- RECORDED INFORMATION:
==================================================

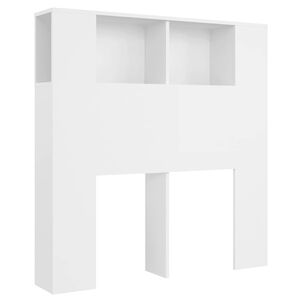 vidaXL Skrinka s čelom postele biela 100x18,5x102,5 cm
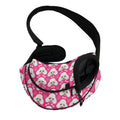 Cute Poodle Pattern Print Pet Sling Carrier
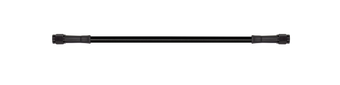 compare product Goodridge 18in Universal Brake Line Assembly w/Black Zinc Fittings & Black Hose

==================================================

- WHAT TO WORK ON:
Could the data above be repeated exactly, with every picture dropped?

- COMPLETED TASK:
 vidaXL Skrinka s čelom postele biela 100x18,5x102,5 cm
 Cute Poodle Pattern Print Pet Sling Carrier
 compare product Goodridge 18in Universal Brake Line Assembly w/Black Zinc Fittings & Black Hose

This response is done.